How to complete this task: From the material below, copy exactly the lines beginning with the one that contains "This is the" and ending with the one that contains "It is to inform"; the pictures stay out.

____ Input data

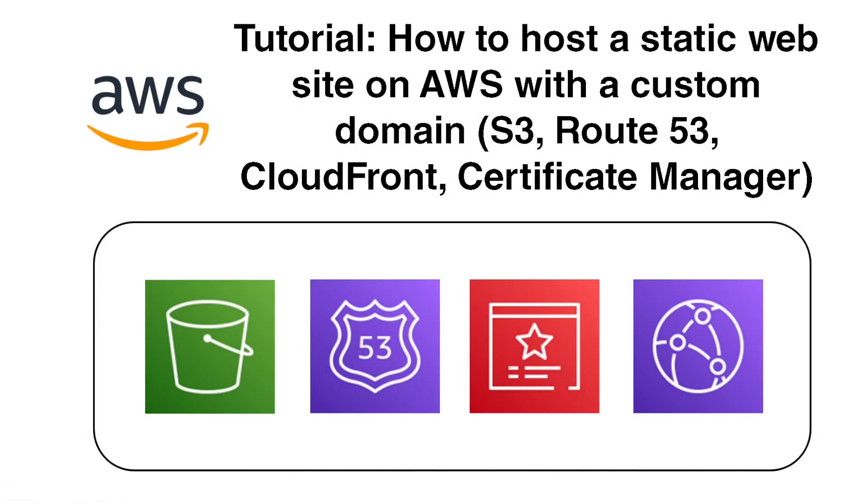So there you go. Now you know how to host a static website on AWS with a custom domain. If you like my videos, feel free to subscribe or like, and I'll see you in the next video. Thanks again. Take care now.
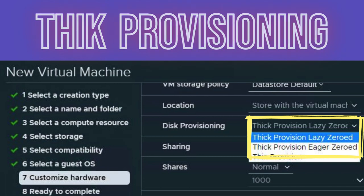Thick provisioning is a type of storage pre-allocation. With thick provisioning, the complete amount of virtual disk storage capacity is pre-allocated on the physical storage when the virtual disk is created. A thick provisioned virtual disk consumes all the space allocated to it in the data store right from the start, so the space is unavailable for use by other virtual machines.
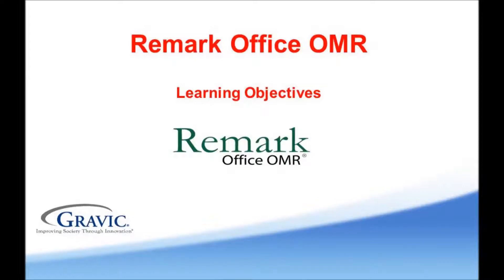Welcome to the Remark Software YouTube channel. With this video, we will be showcasing how you can use the Grade Wizard in Remark Office OMR to apply learning objectives to your exams.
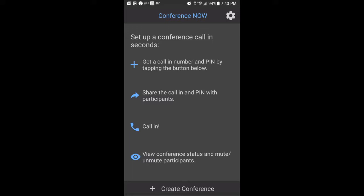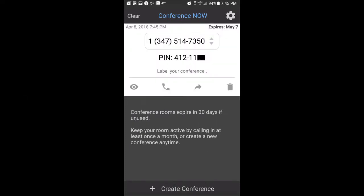This is the Conference Now app. You can download it from your app store of choice — make sure it's the Conference Now by Callcentric. We see the lead screen here, which gives you information on what you can do. You go down to the bottom and click on Create Conference, and you get something that looks like this.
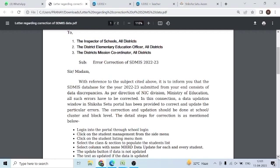It is to inform you that the SDMIS database for the year 2022-23 submitted from your end consists of data discrepancy. As per direction of NIC Division, Ministry of Education, all such errors have to be corrected. In this connection, a data-updation window in the U-DISE portal has been provided to correct and update the particular errors.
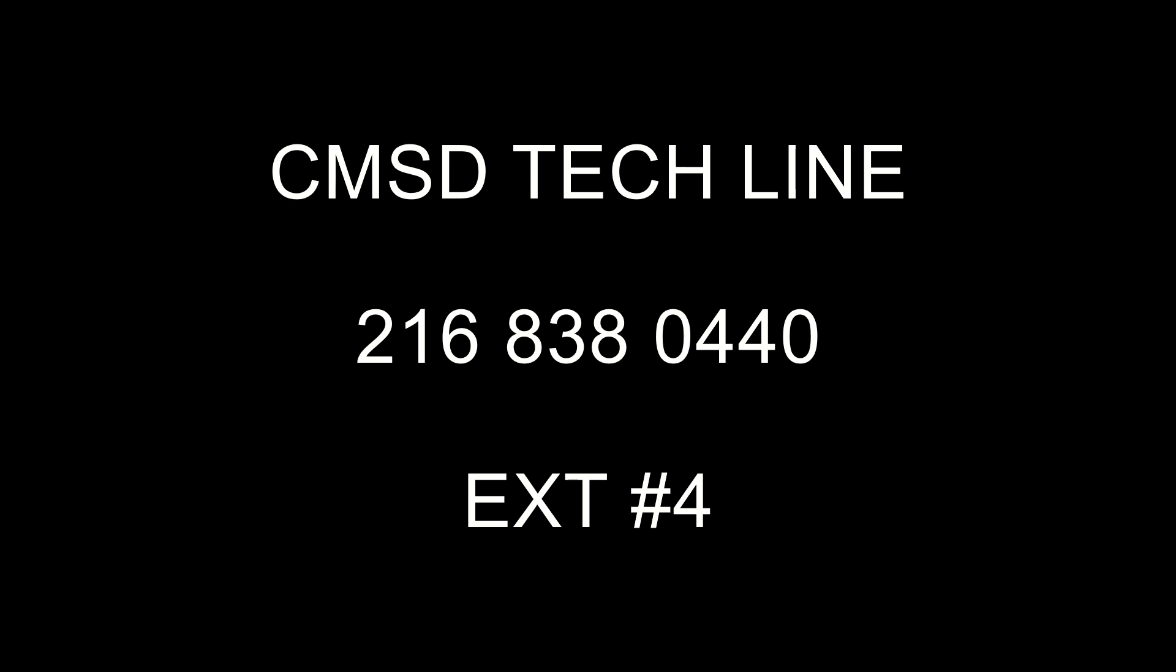If there are any further questions logging into the computer, accessing Clever, or accessing Schoology, please call the CMSD Tech Line at 216-838-0440 and press extension 4.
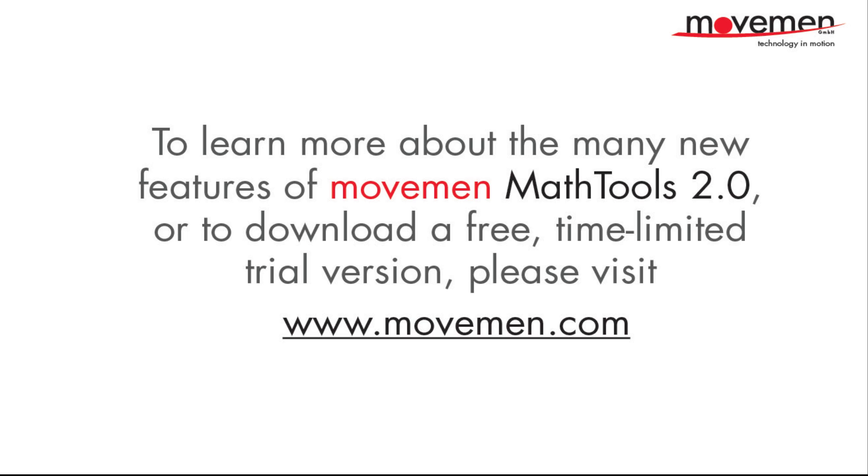If you would like to learn more about the many new features of Math Tools version 2.0 or to download a free, time-limited trial version, please go to the main Movement webpage at www.movement.com.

________

Task response:
This is the Conference Now app. You can download it from your app store of choice — make sure it's the Conference Now by Callcentric. We see the lead screen here, which gives you information on what you can do. You go down to the bottom and click on Create Conference, and you get something that looks like this.
It is to inform you that the SDMIS database for the year 2022-23 submitted from your end consists of data discrepancy. As per direction of NIC Division, Ministry of Education, all such errors have to be corrected. In this connection, a data-updation window in the U-DISE portal has been provided to correct and update the particular errors.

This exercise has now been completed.